# [GOAL OF THE EXERCISE]
Please restate every entry exactly. Leave out the pictures.

# [DATA PROVIDED]
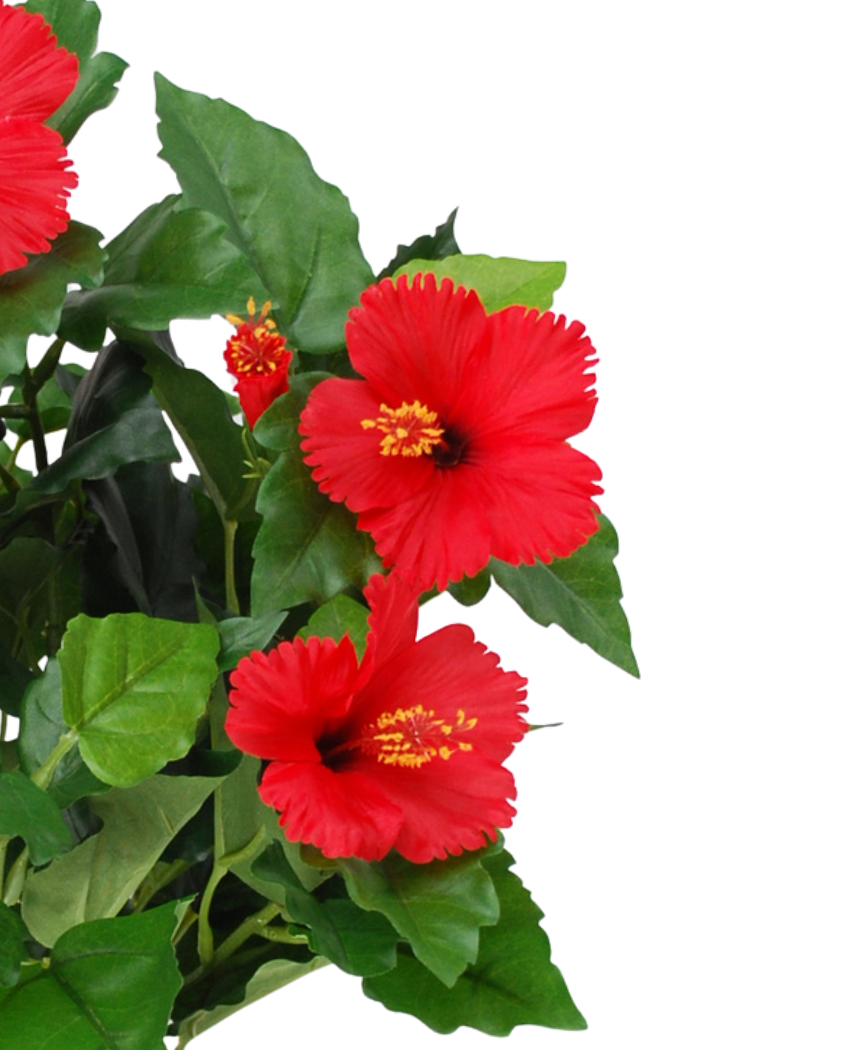 Kunstig Hawaiirose Rød UV 44 cm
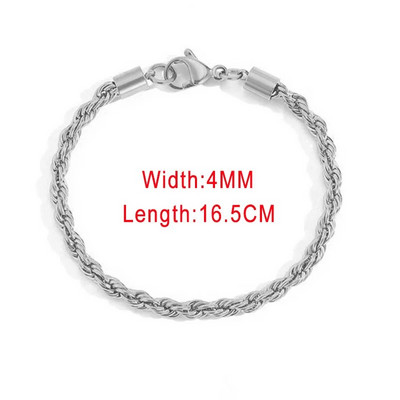 3/4MM Hip Hop din oțel inoxidabil frânghie scurtă brățară cu lanț pentru bărbați Simple Homme Punk lanț la mână bijuterii rapper de modă C048
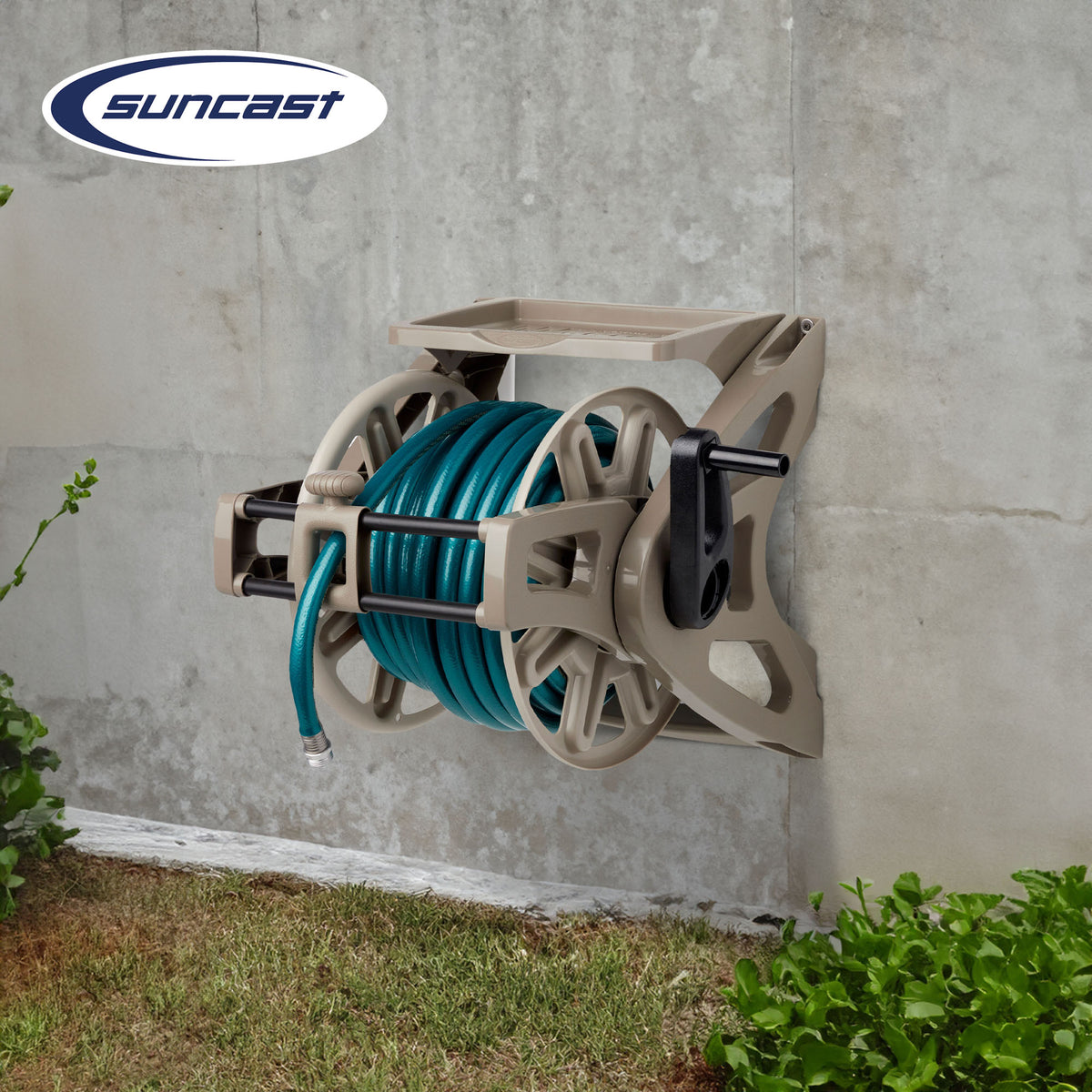 Suncast 175 Foot Slide Trak Garden Hose Wall Mounted Hose Reel, Java (Open Box)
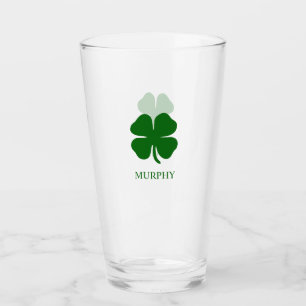 Personalized Green Clover Glass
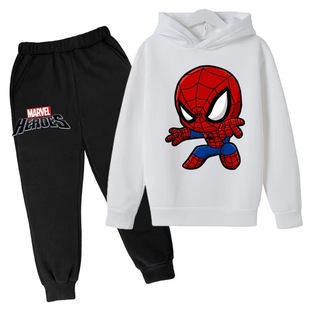 Velvet Kidsren's Sweatshirt Spider-man Cartoon Spider-man 2024 New Kidsren's Clothing Top Cross-border Export Clothing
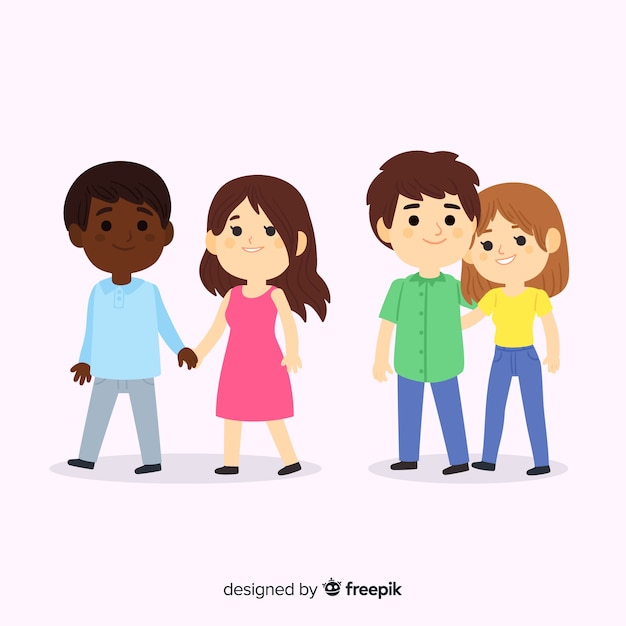 Parejas jóvenes caminando juntas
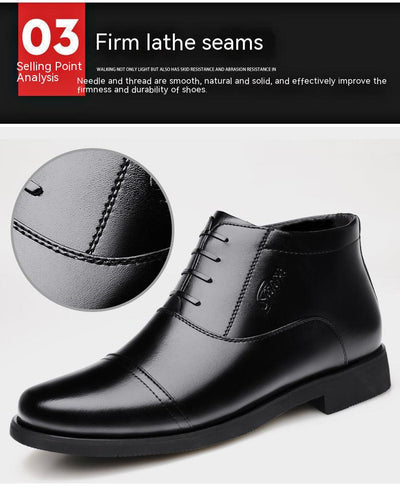 Zapatos de Cuero Genuino con Forro Polar para Hombre - Comodidad Invernal - Image 3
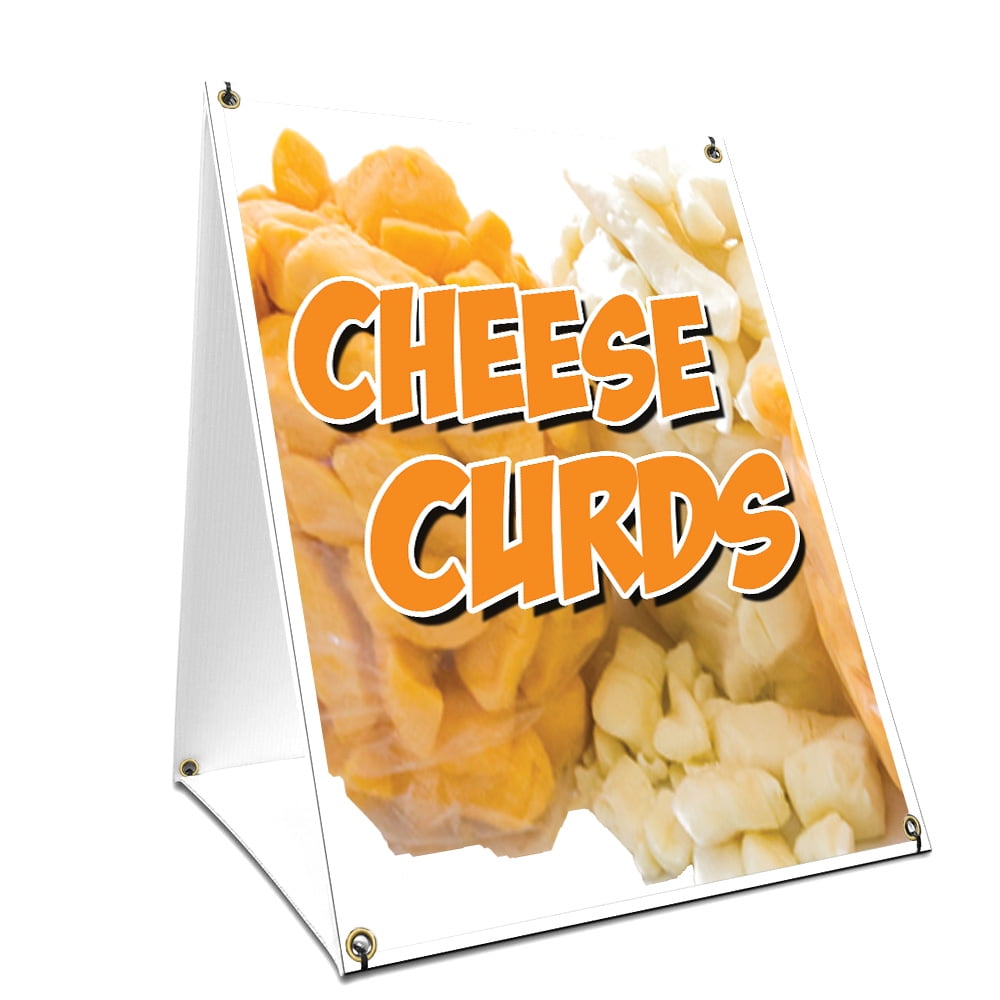 Aframe Sidewalk Cheese Curds Sign With Graphics On Each Side 18" X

# [OUTPUT FOR THIS EXERCISE]
 Kunstig Hawaiirose Rød UV 44 cm
 3/4MM Hip Hop din oțel inoxidabil frânghie scurtă brățară cu lanț pentru bărbați Simple Homme Punk lanț la mână bijuterii rapper de modă C048
 Suncast 175 Foot Slide Trak Garden Hose Wall Mounted Hose Reel, Java (Open Box)
 Personalized Green Clover Glass
 Velvet Kidsren's Sweatshirt Spider-man Cartoon Spider-man 2024 New Kidsren's Clothing Top Cross-border Export Clothing
 Parejas jóvenes caminando juntas
 Zapatos de Cuero Genuino con Forro Polar para Hombre - Comodidad Invernal - Image 3
 Aframe Sidewalk Cheese Curds Sign With Graphics On Each Side 18" X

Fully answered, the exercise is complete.